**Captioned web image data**
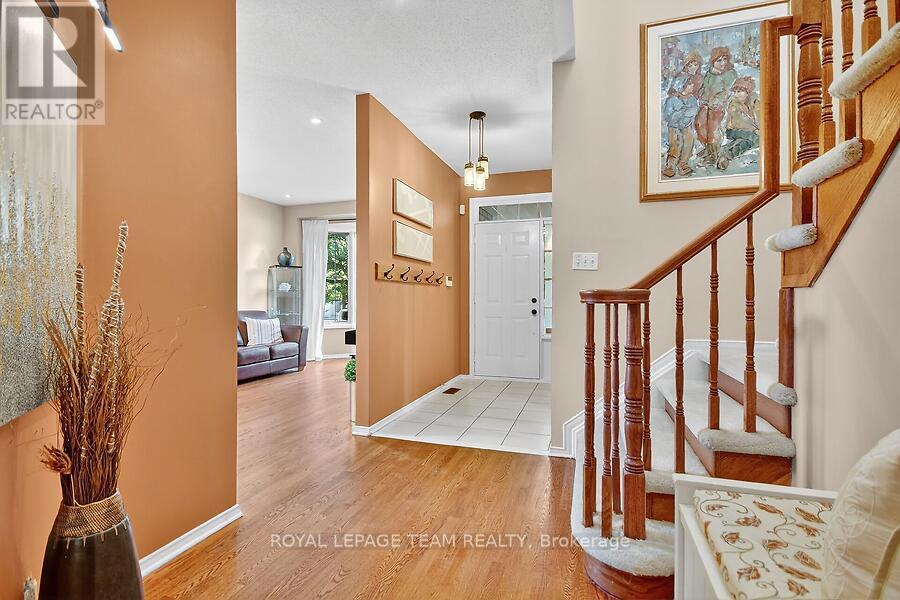 22 Birchfield Avenue, Ottawa, Ontario  K2M 2N5 - Photo 5 - X12434419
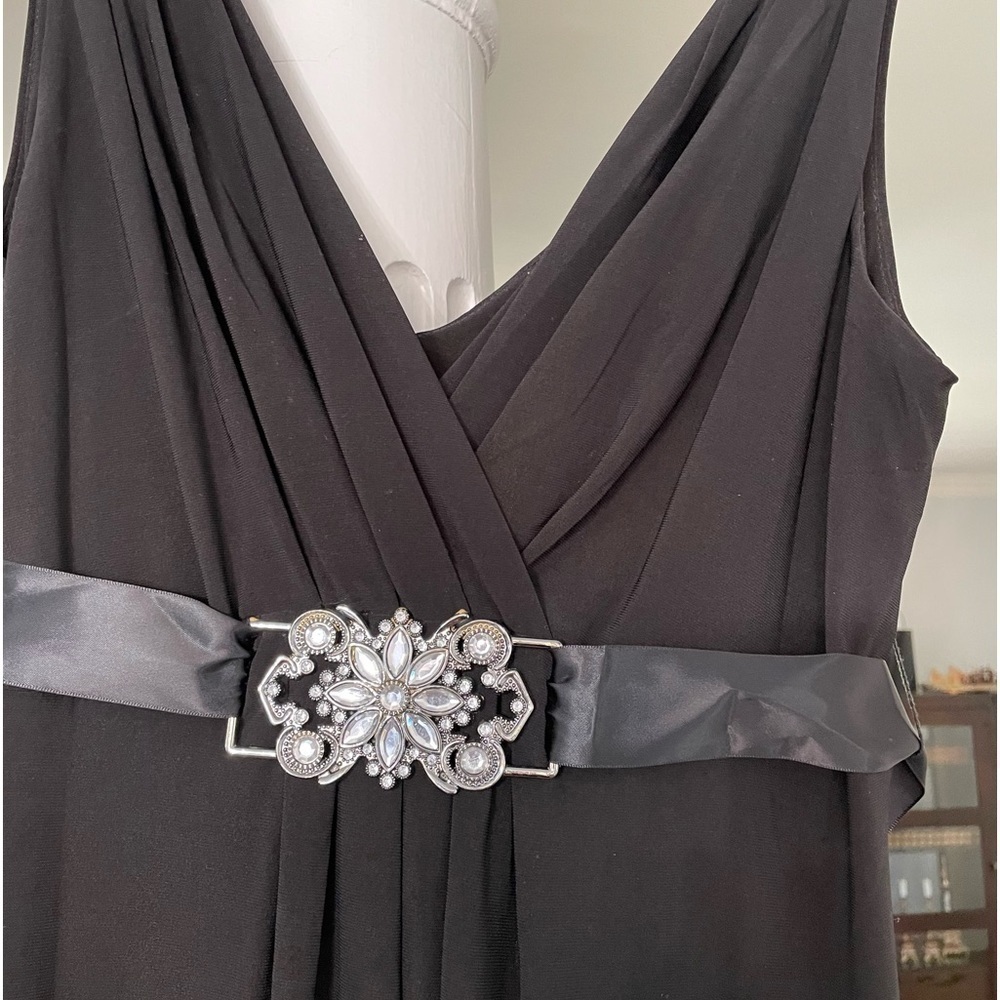 Scarlett Nite women. Black Cocktail, party dress. Aline , sleeveless, V neck - Picture 3 of 5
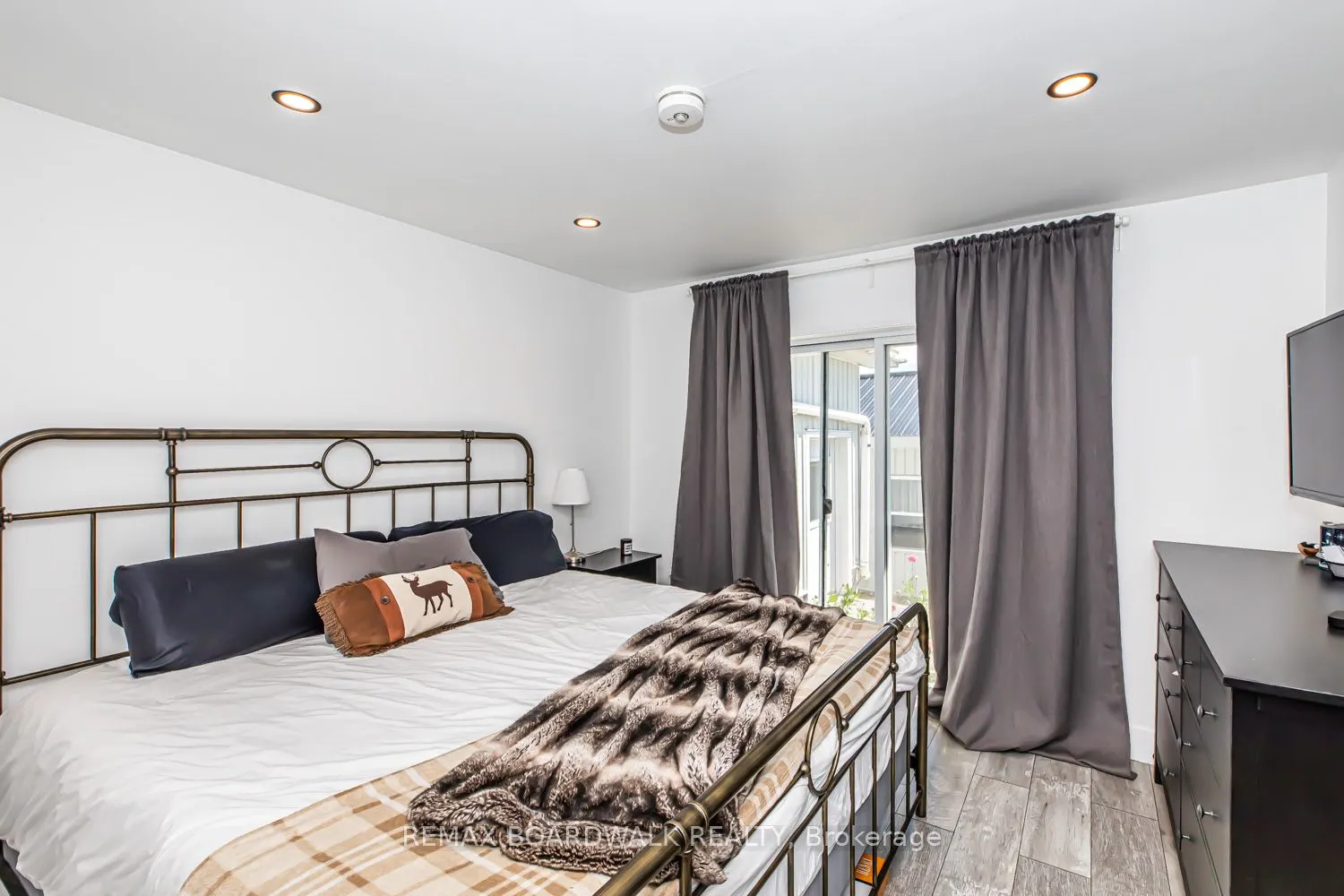 303-307 DONALD B MUNRO Drive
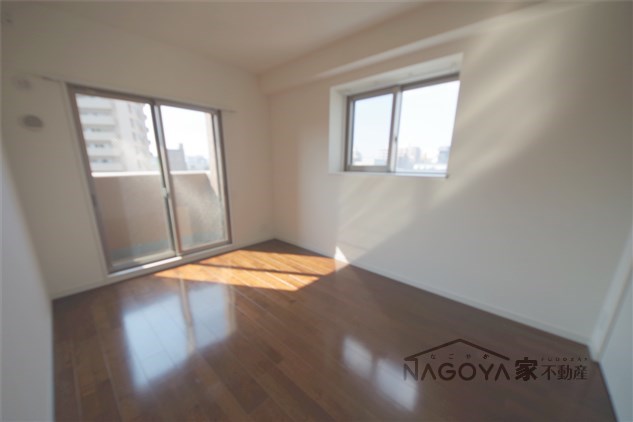 プレサンスロジェ丸の内 ベッドルーム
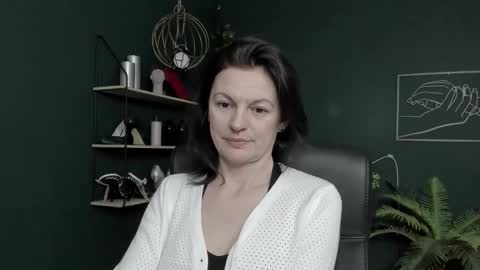 Snapshot of vivian_dream chatting on 9, 3, 2026 Vivian online show from 9, 3, 2026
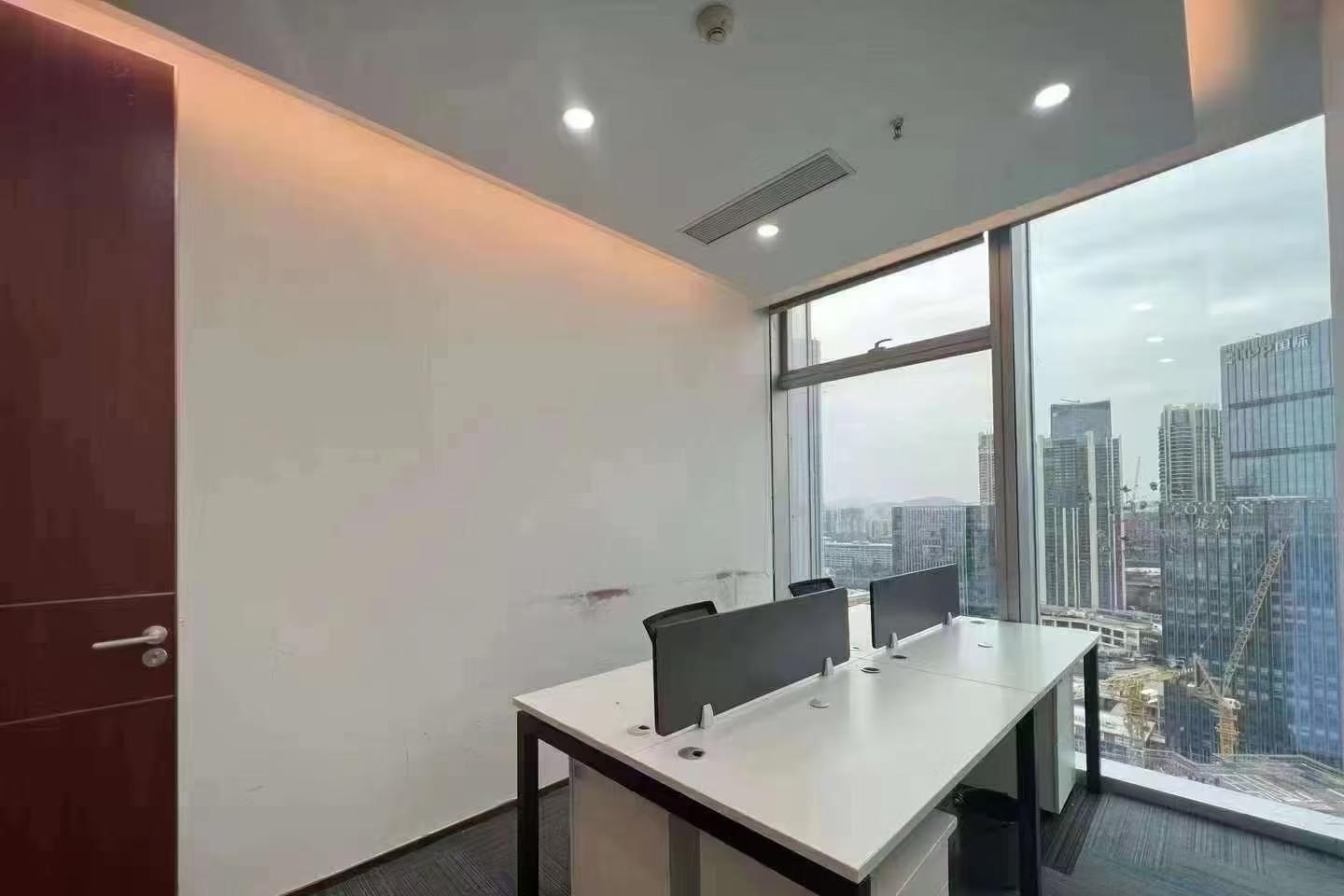 前海卓越宝中时代广场 380㎡ 精装 高楼层办公室出租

**What you have to do**
Copy each entry exactly as written, and drop the pictures from the copy.

**Response**
 22 Birchfield Avenue, Ottawa, Ontario  K2M 2N5 - Photo 5 - X12434419
 Scarlett Nite women. Black Cocktail, party dress. Aline , sleeveless, V neck - Picture 3 of 5
 303-307 DONALD B MUNRO Drive
 プレサンスロジェ丸の内 ベッドルーム
 Snapshot of vivian_dream chatting on 9, 3, 2026 Vivian online show from 9, 3, 2026
 前海卓越宝中时代广场 380㎡ 精装 高楼层办公室出租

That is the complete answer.